Studying DNA Double-Strand Break Repair: An Ever-Growing Toolbox

To ward off against the catastrophic consequences of persistent DNA double-strand breaks (DSBs), eukaryotic cells have developed a set of complex signaling networks that detect these DNA lesions, orchestrate cell cycle checkpoints and ultimately lead to their repair. Collectively, these signaling networks comprise the DNA damage response (DDR).
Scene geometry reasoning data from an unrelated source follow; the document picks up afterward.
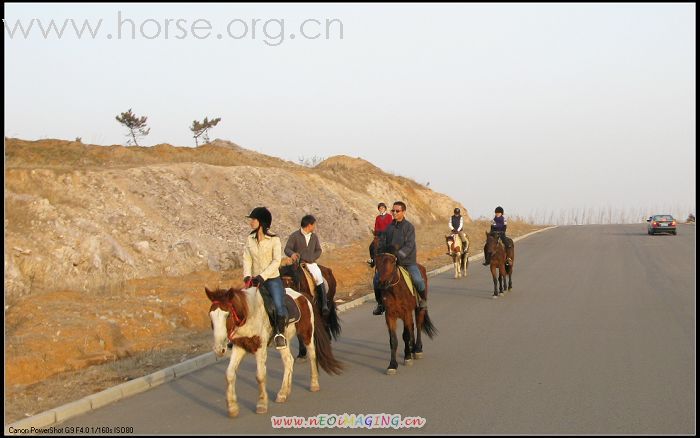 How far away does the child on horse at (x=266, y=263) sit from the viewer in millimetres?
8625

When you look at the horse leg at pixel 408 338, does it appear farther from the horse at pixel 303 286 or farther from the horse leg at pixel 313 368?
the horse leg at pixel 313 368

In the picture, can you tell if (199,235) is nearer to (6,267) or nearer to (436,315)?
(6,267)

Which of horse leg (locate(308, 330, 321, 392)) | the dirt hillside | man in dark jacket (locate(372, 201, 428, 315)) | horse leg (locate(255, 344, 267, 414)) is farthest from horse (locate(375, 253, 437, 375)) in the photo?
the dirt hillside

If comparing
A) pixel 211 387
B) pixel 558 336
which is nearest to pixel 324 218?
pixel 558 336

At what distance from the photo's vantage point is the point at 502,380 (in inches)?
368

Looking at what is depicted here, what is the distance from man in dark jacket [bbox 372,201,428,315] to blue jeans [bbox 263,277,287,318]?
91.8 inches

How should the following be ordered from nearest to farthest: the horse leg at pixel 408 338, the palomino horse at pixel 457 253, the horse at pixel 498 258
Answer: the horse leg at pixel 408 338 → the horse at pixel 498 258 → the palomino horse at pixel 457 253

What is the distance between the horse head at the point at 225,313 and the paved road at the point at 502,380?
0.92 m

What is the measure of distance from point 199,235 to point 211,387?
63.6ft

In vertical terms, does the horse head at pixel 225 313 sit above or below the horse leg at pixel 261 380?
above

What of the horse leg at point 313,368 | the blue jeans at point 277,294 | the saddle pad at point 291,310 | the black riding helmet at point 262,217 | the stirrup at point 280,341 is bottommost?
the horse leg at point 313,368

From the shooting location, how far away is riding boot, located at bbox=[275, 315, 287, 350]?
8578mm

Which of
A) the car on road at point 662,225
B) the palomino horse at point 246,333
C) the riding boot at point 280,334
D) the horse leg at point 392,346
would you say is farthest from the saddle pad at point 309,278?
the car on road at point 662,225

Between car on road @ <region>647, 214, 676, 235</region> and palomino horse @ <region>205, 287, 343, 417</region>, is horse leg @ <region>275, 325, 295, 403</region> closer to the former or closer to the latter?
palomino horse @ <region>205, 287, 343, 417</region> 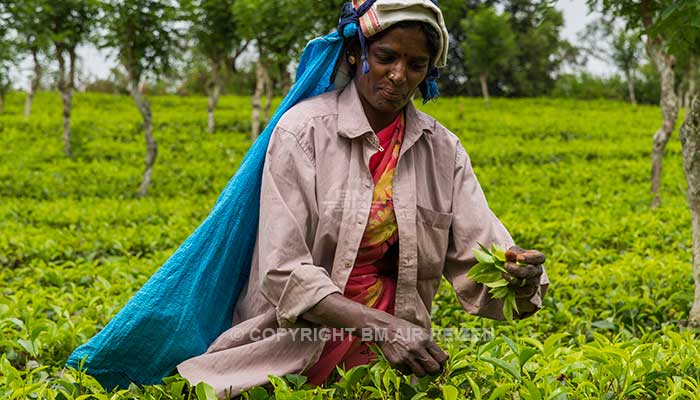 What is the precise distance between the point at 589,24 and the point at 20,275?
127 ft

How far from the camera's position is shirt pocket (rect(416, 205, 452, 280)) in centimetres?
210

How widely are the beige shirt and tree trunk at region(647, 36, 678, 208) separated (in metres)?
6.13

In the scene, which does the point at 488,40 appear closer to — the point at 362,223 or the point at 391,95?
the point at 391,95

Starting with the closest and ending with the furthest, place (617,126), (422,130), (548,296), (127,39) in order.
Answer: (422,130) → (548,296) → (127,39) → (617,126)

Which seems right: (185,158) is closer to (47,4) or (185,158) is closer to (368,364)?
(47,4)

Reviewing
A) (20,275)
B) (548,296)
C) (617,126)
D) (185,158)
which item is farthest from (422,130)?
(617,126)

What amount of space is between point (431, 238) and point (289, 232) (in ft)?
1.42

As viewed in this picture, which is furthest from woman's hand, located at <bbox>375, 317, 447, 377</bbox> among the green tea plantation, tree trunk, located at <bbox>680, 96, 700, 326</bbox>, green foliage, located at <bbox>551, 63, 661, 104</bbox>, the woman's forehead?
green foliage, located at <bbox>551, 63, 661, 104</bbox>

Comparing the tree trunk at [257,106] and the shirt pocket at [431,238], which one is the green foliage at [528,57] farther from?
the shirt pocket at [431,238]

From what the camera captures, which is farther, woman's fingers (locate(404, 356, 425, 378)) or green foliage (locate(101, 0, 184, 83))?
green foliage (locate(101, 0, 184, 83))

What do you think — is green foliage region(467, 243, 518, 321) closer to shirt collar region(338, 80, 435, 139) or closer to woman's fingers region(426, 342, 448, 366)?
woman's fingers region(426, 342, 448, 366)

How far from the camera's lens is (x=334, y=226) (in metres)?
2.00

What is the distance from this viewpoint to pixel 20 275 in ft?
16.7

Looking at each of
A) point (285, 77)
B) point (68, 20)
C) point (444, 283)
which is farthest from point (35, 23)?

Our capacity to create DSBs in a programed manner and in such a way that is compatible with a set of diverse methodologies to investigate the events that follow DNA damage, has led to our current deep understanding of the DDR. The induction of DSBs at random locations using different sources of radiation or genotoxic compounds, provides the easiest approach to analyze the recruitment kinetics of proteins to sites of DNA damage and is a powerful strategy to temporally resolve the sequence of DNA repair events. The development of methods to induce annotated DNA breaks at transgenic loci inserted in the genome, or at endogenous loci (restriction enzymes, CRISPR/Cas9) allowed the analysis of the DDR at molecular resolution and were instrumental in disclosing functional links between the DDR and processes such as transcriptional, chromatin dynamics, and DNA replication. Yet all the tools described here display significant drawbacks. For instance, nucleases-induced DSBs undergo consecutive cycles of repair/cleavage until these have been mutated, calling for caution when investigating DNA repair using these tools. A major challenge is now to refine these DSB-inducible systems and the subsequent methodologies to analyze repair in order to overcome these limitations.